What you’re missing is WHY you want a later upstream version.   Is there a 
specific feature you’re needing that isn’t in the one that comes with your 
distro?

You can’t have it both ways:  You want to stay on a stable distro/version which 
is the raison d’etre for RHEL/CentOS but want to have the latest package.    As 
I noted in my prior post you can get the latest of everything by abandoning 
CentOS in favor of Fedora at the expense of stability.    Your choice of distro 
is based on many factors.   Some people even build their own packages all from 
scratch because they don’t like any of the distros.

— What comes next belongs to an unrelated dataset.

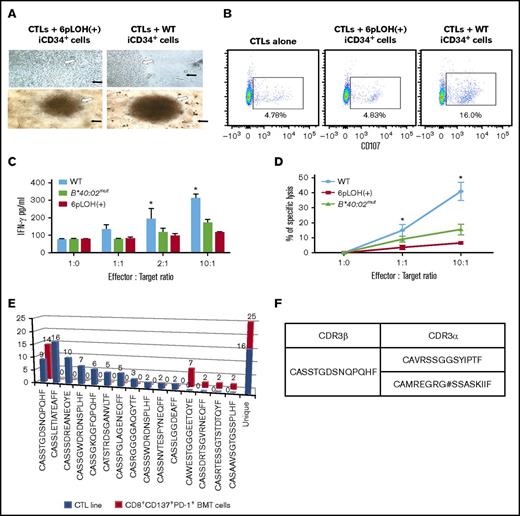 Figure 5. Escape of B4002−iCD34+ cells from the attack by autologous CTLs specific to B4002+ iCD34+ cells. (A) CTLs were cocultured with iCD34+ cells possessing either the 6pLOH+ or the WT genotypes in 96-well round-bottom plates for 5 days and visualized using a light microscope. Representative images of experiments are shown; black arrows indicate iCD34+ cells; white arrows indicate CTLs. Top panels, original magnification ×60; bottom panels, original magnification ×20. (B) CTLs were cocultured with iCD34+ cells possessing either the 6pLOH+ or the WT genotypes in 96-well round-bottom plates at a 10:1 effector:target (E:T) ratio for 4 hours and then analyzed by FCM. The analysis was performed by gating cells as 7-aminoactinomycin D–negative (live cells), CD3+, CD8+, or CD107a+ cells. (C) CTLs were cocultured in 96-well round-bottom plates with iCD34+ cells with 6pLOH+, WT, or B*40:02mut genotypes at the indicated E:T ratios. The levels of IFN-γ in the supernatants from overnight cocultures were determined by enzyme-linked immunosorbent assay. Summarized data (mean ± SEM) from 3 independent experiments are shown. (D) iCD34+ cells possessing the 6pLOH+, B*40:02mut, or WT genotypes were labeled with 51Cr and then cocultured with autologous CTLs in 96-well round-bottom plates for 4 hours. Summarized data (mean ± SEM) from 3 independent experiments are shown. (E) Clonotype analysis (Vβ cDNA sequencing) of the CTL line and BM T cells of the patient before receiving immunosuppressive therapy using single T-cell RT-PCR indicate that the third-most recurrent TCRVβ CDR3 sequence of the CTL line was identical to that of the most predominant T-cell clone in the BM. (F) CDR3α sequence of T cells with the same CDR3β sequence derived from the CTL line and BM T cells. The T cell expressed 2 TCRα chain mRNAs; 1 was functional and the other was unproductive. *P < .05.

Not all packages have people that build rpm’s for them.   Many FOSS projects 
seem to prefer building for Debian or something else and MAY package it for 
whatever distro they like but some don’t package it for anything and expect you 
to do the legwork yourself.

In general if it isn’t in RHEL/CentOS I look for it in the EPEL.  If it isn’t 
there I almost always download the source then configure/compile it.   This 
isn’t really a difficult process for most packages.

There ARE other locations that MAY provide a package you want.   Have you 
looked at rpmfind?  rpmbone?

And of course YOU could create the rpm and share it on EPEL yourself so others 
will have it.


From: Gnupg-users [mailto:gnupg-users-boun...@gnupg.org] On Behalf Of helices
Sent: Thursday, February 15, 2018 9:10 AM
To: gnupg-users@gnupg.org
Subject: Re: How can we utilize latest GPG from RPM repository?

Yes, I know that.
In general, that scheme works well.
However, in another case, rsyslog, a certain function has been broken for many 
years, and the only fix is to track the developers' most recent versions. In 
that case, the developers maintain their own repository: 
http://rpms.adiscon.com ; which is easy to incorporate into: 
/etc/yum.repos.d/rsyslog.repo
We are hoping something similar is available for gnupg. I have not found that; 
which is the reason for my posts here.
What am I missing?
Please, advise. Thank you.


On Thu, Feb 15, 2018 at 7:56 AM, Lightner, Jeffrey 
<jlight...@dsservices.com<mailto:jlight...@dsservices.com>> wrote:
CentOS isn't a vendor.   It is a project that does binary compiles of RHEL 
sources.

RedHat is the vendor that creates RHEL and its source is used to make CentOS.   
RHEL is supported by RedHat if you have a subscription.  CentOS has no direct 
support though RedHat hosts the project nowadays.

RHEL (and therefore CentOS) major versions such as 7 start with base upstream 
versions of packages.   RedHat modifies that base upstream package to backport 
bug and security fixes from later upstream packages if relevant to the original 
base.   They then add extended versioning to the RPM name.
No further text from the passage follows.